A cowboy I’m not. In the old west, hardscrabble journeymen would spend days on horseback living on nothing more than loose tobacco and moonshine whiskey (or as I call it, the Humphrey Bogart diet). Heck, even before that era, folks would plod along endless stretches of country in stagecoaches and horse-drawn carriages, sweating mercilessly into their bonnets and leather chaps, bottoms sore from wooden benches. People today are soft -- and by people, I mean me. I won’t even drive to work without a functioning heater and a bottle of vanilla-flavored seltzer water.

Certain prerequisites have to be met in order for me to undertake any sort of prolonged journey, and chief among them is an attractive destination. I’m not scrunching my 6’4” frame into a Hyundai Accent for an entire day to see a ventriloquist perform at a rural community college. Acceptable endgames for road trips include family visits, epic concerts, extended stays in exotic cities, or a closed-door meeting with a magic genie to discuss the terms of my three wishes. Anything short of that and I’m staying home and reading X-Men comics.

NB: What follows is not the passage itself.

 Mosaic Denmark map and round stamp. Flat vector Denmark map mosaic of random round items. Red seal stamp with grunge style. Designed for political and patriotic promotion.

Road trips are most useful when you’re covering a distance too short for an airline and too long for a bicycle. About 10 years ago a group of friends and I decided to spend a few days in Montreal, structuring this excursion around a rock concert because we’re all massive dorks. It took roughly nine hours to get there, and with six of us crammed into a van, that was about my limit. The company itself was great -- I’m lucky to hang with a good bunch -- but what seemed like a comfortable seat at the outset slowly became a Medieval torture device, the cushions sinking their way into my aching glutes like a nickel into a wad of Silly Putty. By the time we stopped off at a roadside burger joint for our first restroom break, my body was chair-shaped and useless, folded in two in a sinister human origami experiment. I wonder how many travelers at the pit stop saw my hunched-over frame and thought I was looking for a missing contact lens.

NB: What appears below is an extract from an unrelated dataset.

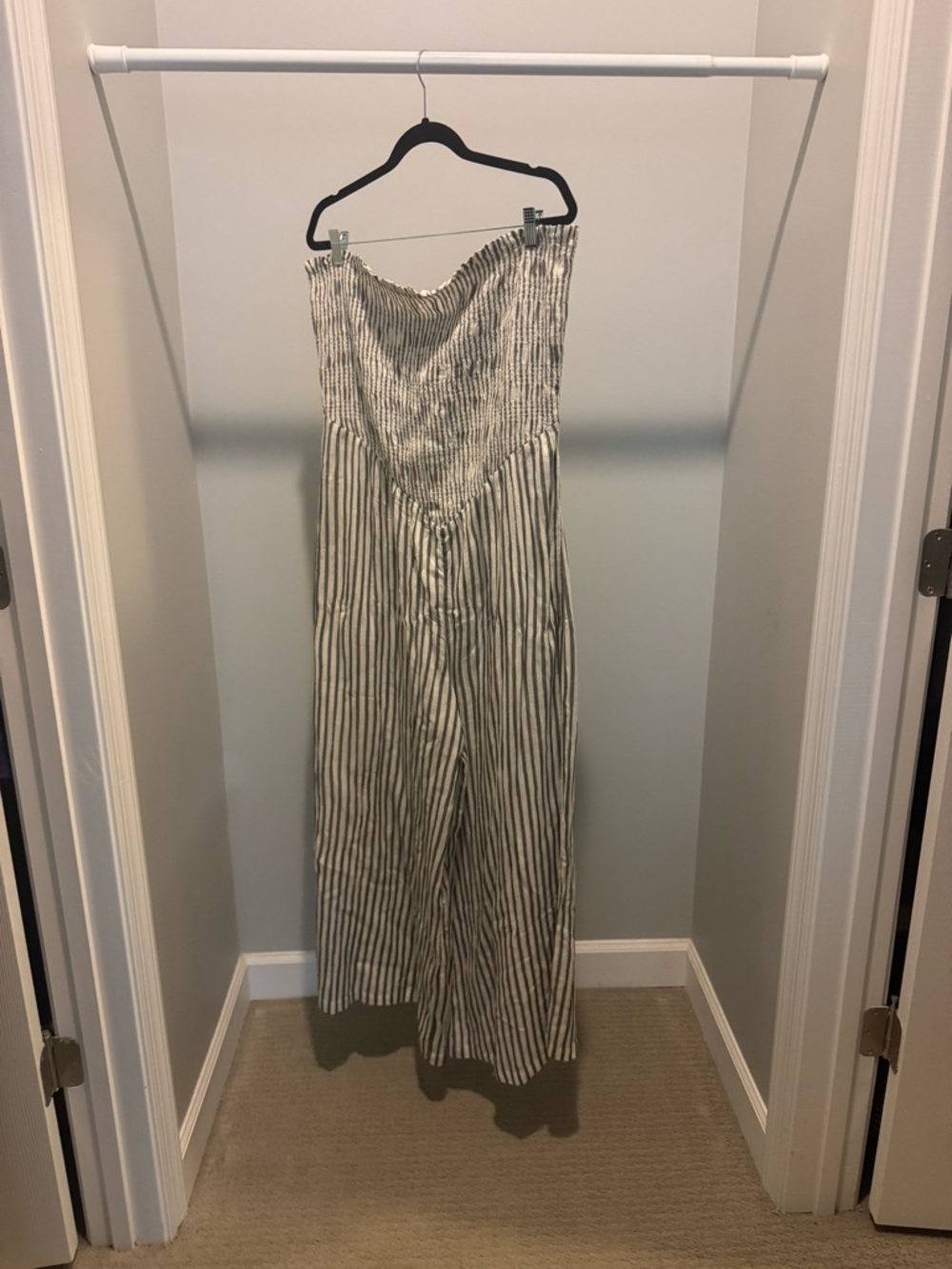 Striped Strapless Wide-Leg Jumpsuit in Cream and Navy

Height was an issue, too, because with that many people in the van I had to twist and writhe myself into a position that wouldn’t be intrusive to other human beings. While not as bad as sitting in the middle seat on a plane, it still created issues, and surely contributed to my road-related aches and pains. There’s a rough mathematical formula that can illustrate the relationship between freakish height and road trip pain: Height times duration divided by vehicle equals ouch.

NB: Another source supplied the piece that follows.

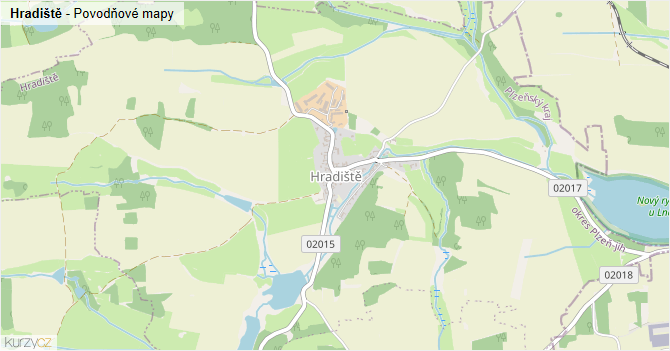 Hradiště - záplavové mapy stoleté vody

Survival in these situations is largely dependent on preparation -- which means you should have plenty of gas, money and food. Especially food, and the junkier the better. I try (and often fail) to avoid junk food, but long road trips are the reason why potato chips, Cheetos and Twizzlers were invented to begin with, and if you’re not chomping on something-or-other while the exit signs whiz past, you run the risk of losing your freakin’ mind. Road trip games are mostly tedious and the best music in the world is only enjoyable for so long, but bring a cannister of kettle corn and some pickled sausages and you may just make it to Newark with your sanity intact. Of course there’s still the question of why you feel compelled to drive to Newark, but hey, if you’ve got family in the New Jersey mafia, that’s your business.

Road trip season is coming, and fast. Soon I’ll be driving down Route 1 and grinding my teeth in deadlock traffic as travelers from Quebec, Massachusetts and various Martian space colonies all fight for space at beaches and water parks, restaurants and summer bungalows. Few annoyances aggravate me more than car-clogged roadways, but this year my plan is to focus on this thought: Each car contains a story. The family of four screaming through Saco in their Virginia-plated Mazda made an epic trip for tangible reasons. And for all I know, they’ve made all the right moves -- the cash, the fuel, the Pringles in their oblong tennis-ball cans. Are they visiting grandma? Do they have a summer home in Camp Ellis? Ah, the allure of the unsolvable mystery.

One of these days I may make a trek myself, but I need a destination first. And gummy sharks. Mostly gummy sharks.